WHAT ARE SOME OF THE ISSUES RELATED TO SPECIAL EDUCATION IN
The legal identity of the charter school under state law
largely determines the specific responsibilities it has for its students with
disabilities. There are two extremes: the charter school may be its own separate
district, usually referred to as a local education agency (LEA); or the charter
school may be one of the schools of a traditional district. There are also
charter schools that have ties with LEAs that fall between these two extremes.
If the charter school is its own LEA, it is responsible for all aspects of
special education including evaluations, programs, and related services. By
contrast, in some states, the LEA of the child's residence is responsible for
special education for all its students even if they attend charter schools
operated independently from the district.
Thus, there are profound legal, financial, and operational implications in
the legal identity of a public charter school. It is critical that charter
schools understand the nature of their linkage with the local district and/or
intermediate unit, especially with respect to their responsibilities for
providing a free appropriate public education to children with disabilities.
Charter schools are also affected by many of the same pressures faced by
other public schools, such as finding appropriate special education staff,
accessing fiscal resources, and integrating special education into the overall
program of the school.
WHAT DOES RESEARCH REVEAL ABOUT STUDENTS WITH DISABILITIES IN
The U.S. Department of Education has funded two studies to
examine special education in charter schools.

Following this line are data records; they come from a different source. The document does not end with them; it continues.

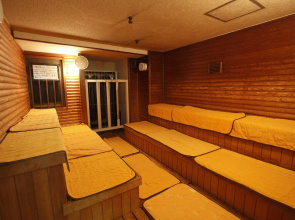 Shinjuku Kuyakusho-mae Capsule Hotel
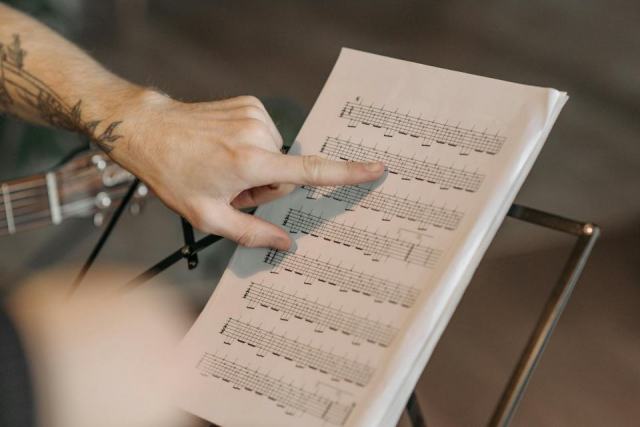 Quelles notes jouer a la basse : principes harmoniques pour construire ses lignes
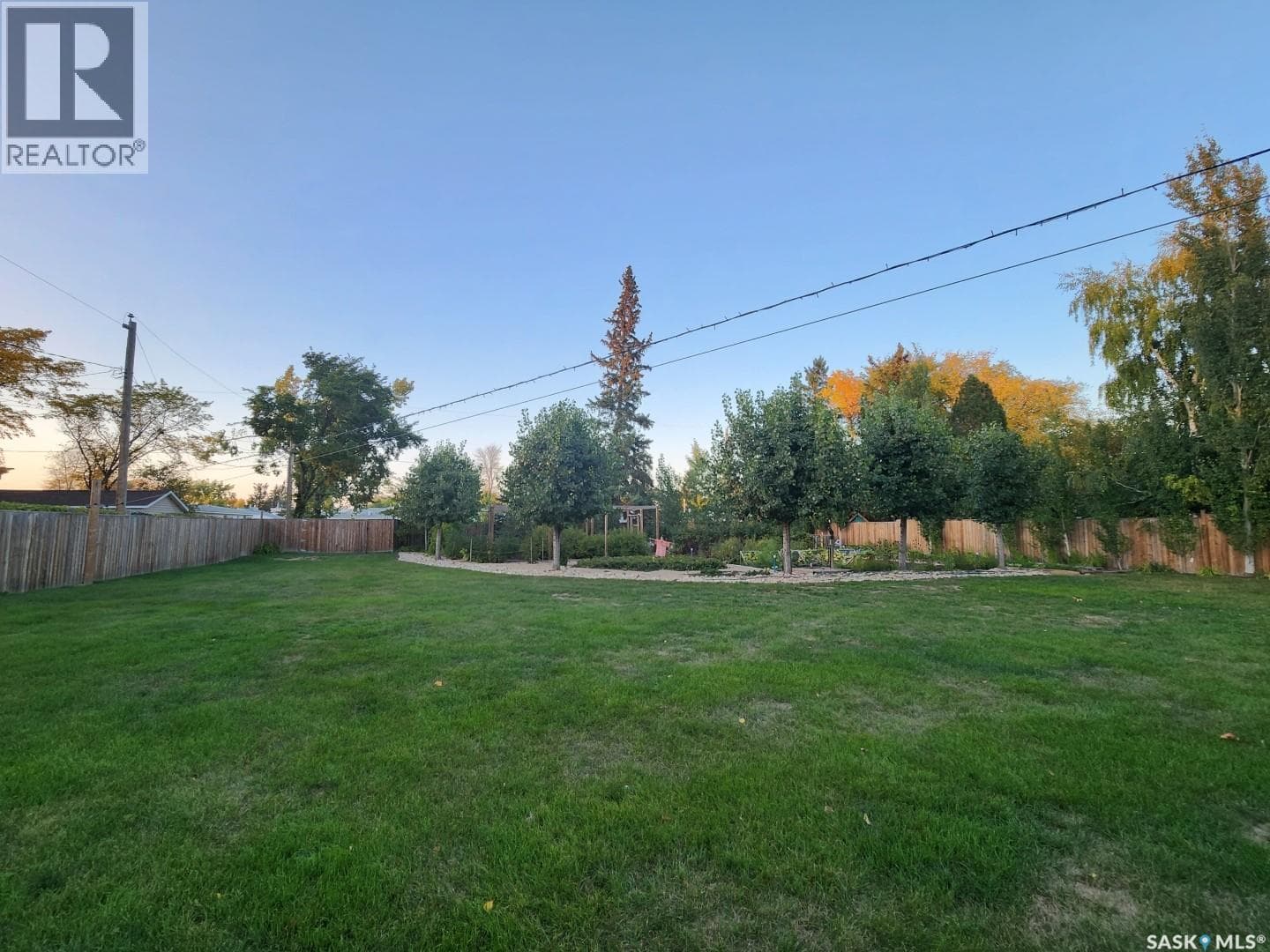 706 GREY AVENUE — photo 3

The first study, conducted by the research firm, Westat, is called Charter
Schools and Students with Disabilities: A National Study (Fiore, Harwell,
Blackorby, & Finnigan, 2000). It involved visits to 32 charter schools where
parents, teachers and students were interviewed about why the parents chose to
enroll their children with disabilities in a charter school, the ways charter
schools serve those students, and how successful charter schools have been in
meeting their goals. The study found that
* Enrollment of students with more significant disabilities in charter
schools is relatively rare, except in schools specifically designed for these
* Parents of students with disabilities enroll their child in a charter
school for a combination of reasons related to attractive features of the
charter school and negative experiences with the previously attended school.
* Staff at some charter schools may "counsel" parents of students with
disabilities against enrolling in the charter school. However, other schools are
specifically designed to serve these students and other at-risk learners.
* Most charter schools use the term "inclusion" to describe their approach to
serving students with disabilities. The meaning of the term varies across
* By almost all accounts, students with and without disabilities receive more
individualized attention at the charter school than they did at their previous
* Although accountability is a central feature of charter schools, most of
them have little data to document the impact of their program on students with
disabilities. However, parents and students themselves are confident about the
students' success at charter schools. Factors identified as supporting student
success include caring and dedicated teachers and small schools and classes.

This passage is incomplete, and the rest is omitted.